Saudades dos cornos

PUB.

Ter, 19/04/2016 - 09:34


O Jornal Nordeste, tentando, como lhe compete, contribuir para a compreensão serena mas objectiva do contexto em que vivemos nesta nossa terra, desenvolveu um trabalho de verificação do efectivo pecuário na região, uma das actividades produtivas que tem sido proclamada como suporte fundamental da nossa economia.

Pressentia-se que a criação de gado, nomeadamente vacum, estaria em declínio. Bastava uma observação quase distraída para se ficar com a sensação de que já houvera melhores dias.

De facto, nas aldeias da terra fria e do planalto só esparsamente se vêem vacadas com algum impacto e, naturalmente, também é cada vez mais difícil ver gentes que não ostentem a brancura das cãs, sinal de sabedoria, mas também anúncio de tempos de passagem.

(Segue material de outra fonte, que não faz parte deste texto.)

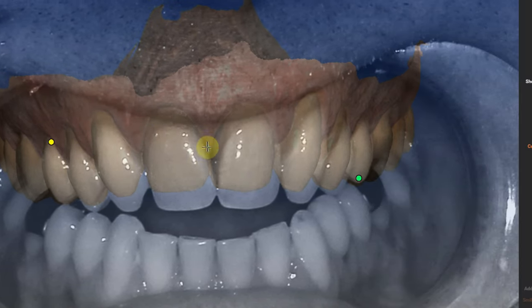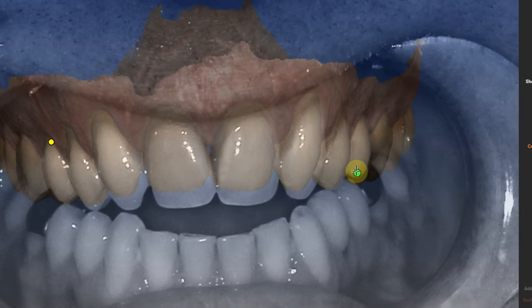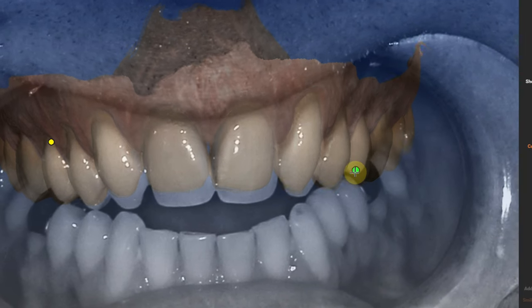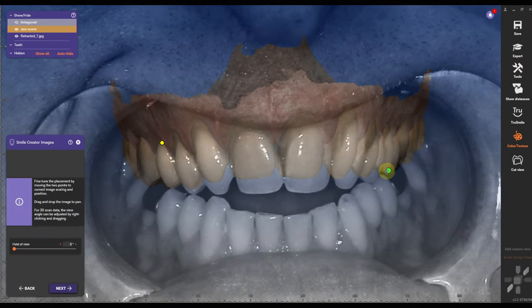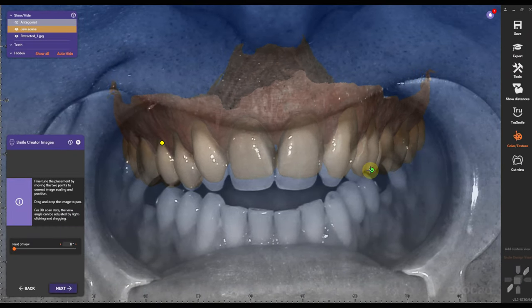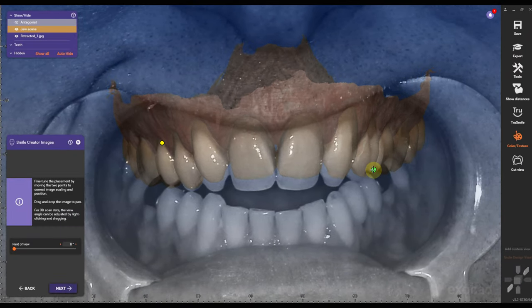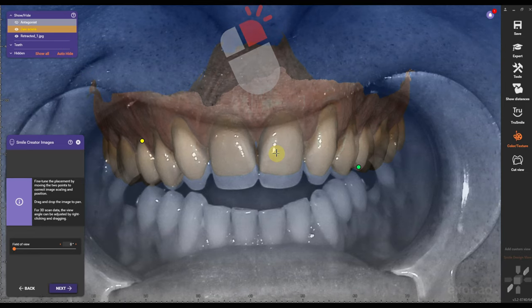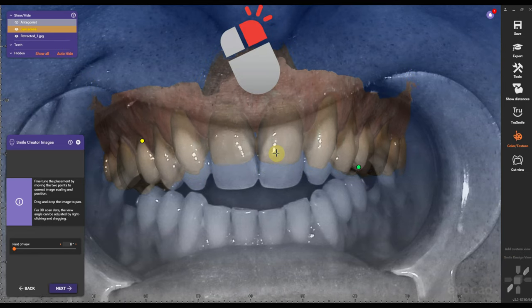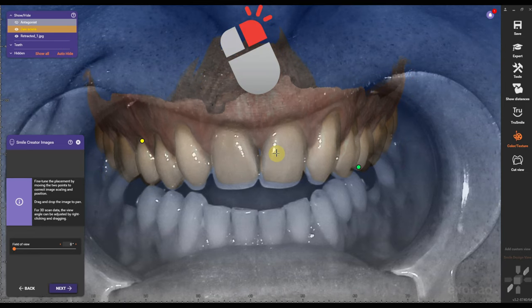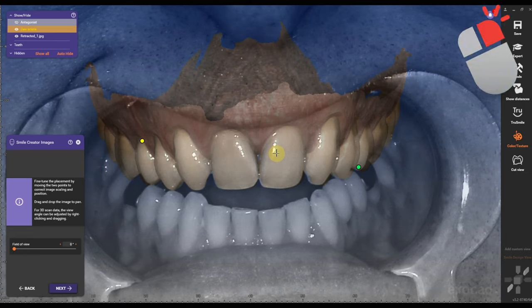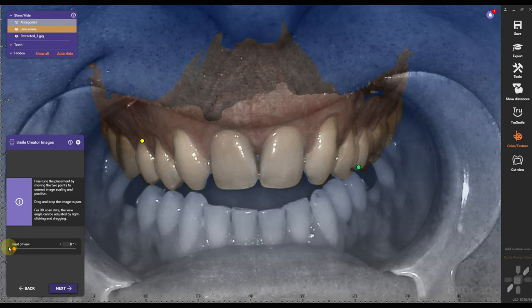If I press the left mouse button, I can move the picture up and down. I can also drag and resize the picture. If I press the right mouse button, I can change the orientation of the actual scan.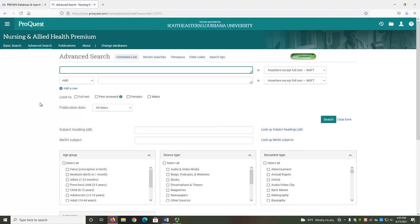I hope you find this video helpful in navigating Nursing and Allied Health and locating the article you need. As always, if you need any help, please don't hesitate to contact me.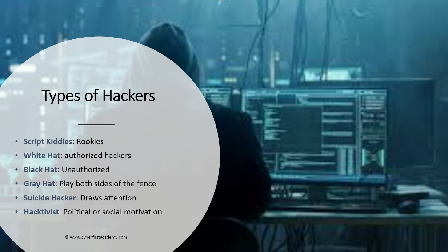Or if an organization, company, or federal agency is seen to do something that's not in line with their political beliefs, they might hack that agency or organization to prove a point.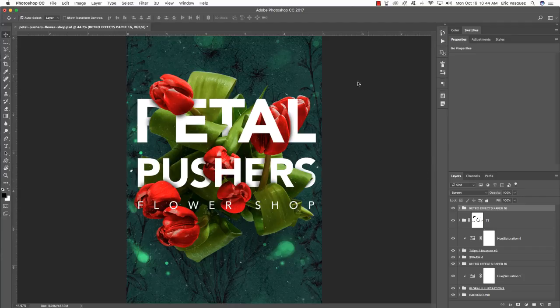At this point we're pretty much done. This is our Petal Pushers Flower Shop design using some of the amazing assets from the latest Design Cuts bundle. This is just a small sample of the elements available for only $29 — I strongly encourage you to check it out. I hope you enjoyed this tutorial and learned some new cool tricks along the way. Thank you so much for watching — this is Eric Vasquez, and we'll see you next time.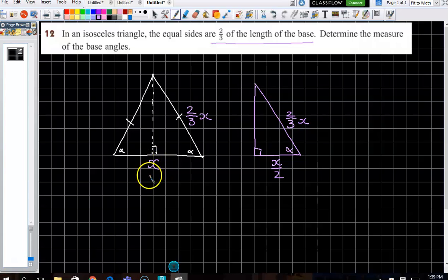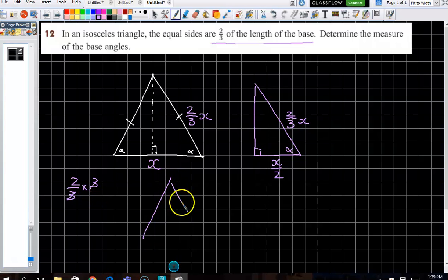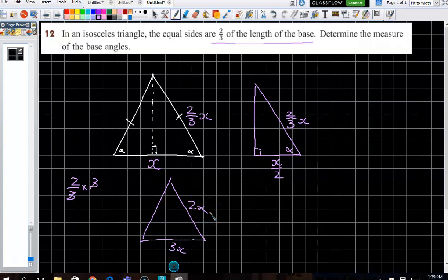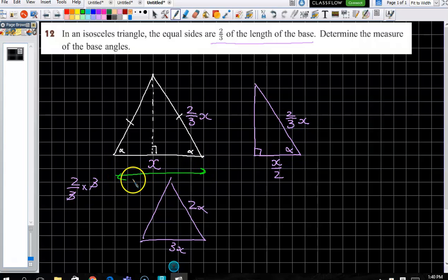If you wanted to avoid fractions, instead of calling the base x, you could call it 3x — because then two-thirds of 3x is 2x. But you've still got a fraction for the half-base, so you might as well deal with fractions. Alternatively, you could just say the base is 15, then two-thirds of 15 is 10. You could use actual numbers — just do something.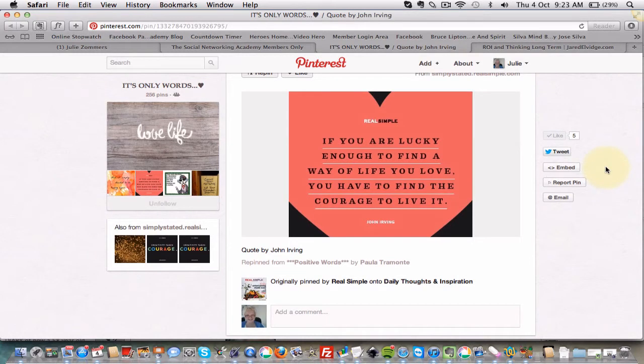Hello everybody, now this is how you grab something from Pinterest and share it with somebody on Facebook.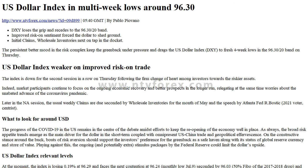Hi, I am Anna, I come from www.ntvforex.com. Forex News — NTV Forex: US Dollar Index at Multi-Week Lows Around 96.30.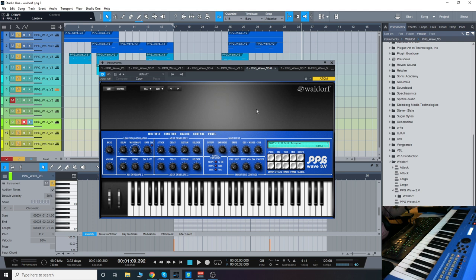So hope you guys enjoyed that quick look at the Waldorf PPG Wave 3. Thanks so much for checking it out with me. I will see you guys next time.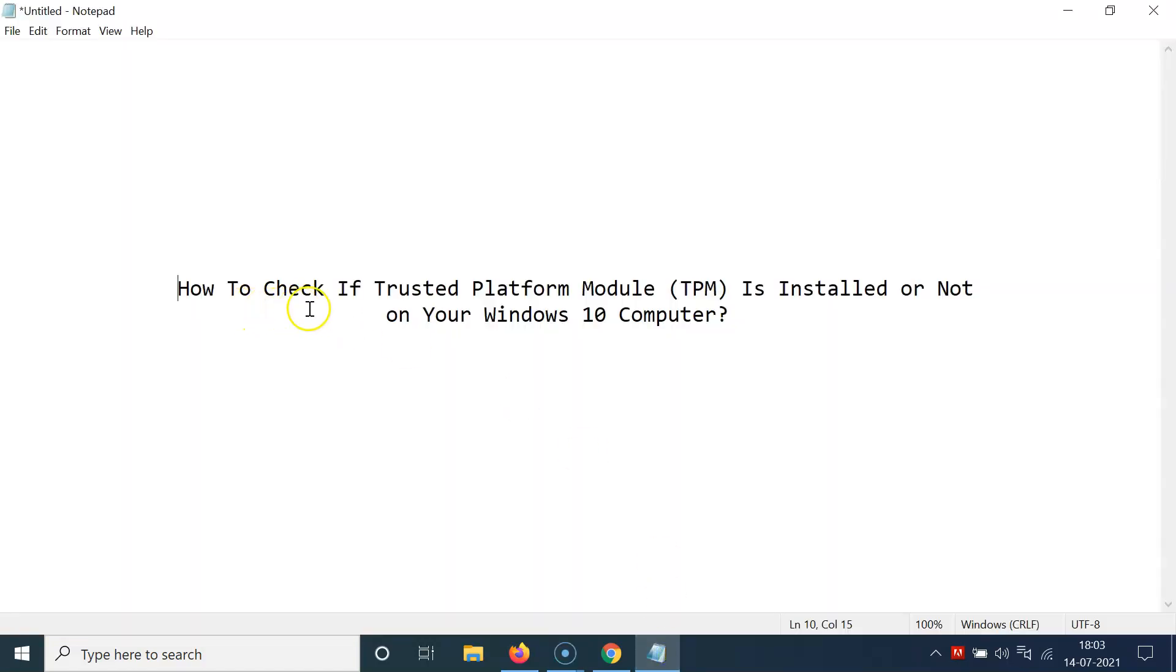In this way you can easily check if Trusted Platform Module, that is TPM, is installed or not on your Windows 10 computer.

Apesar de se continuar a ouvir que daqui sai a melhor das carnes, que as raças autóctones são garantia de acrescentando valor, qual prometido “el dorado”, o que se verifica é que diminuem sistematicamente os criadores e, naturalmente, o número de animais também não conhece acrescentos, muito pelo contrário.

Nas ruas das vilas e cidades têm-se visto talhos, que eram verdadeiros resguardos da colocação da carne local, a fecharem as portadas sobre o cepo e o cutelo, símbolos do açougueiro e promessas de suculentas e tenras peças.

Ainda não há muito tempo se via gente que vinha de baixo, dos litorais, para se abastecer da vitela transmontana. Agora, somos nós, os que ainda cá estamos, que fazemos fila compacta nas secções light de talho das grandes superfícies, onde nos engodam com promoções de carne irlandesa, polaca, holandesa, vá lá, espanhola, se não quisermos falar da que chega daAmérica do Sul.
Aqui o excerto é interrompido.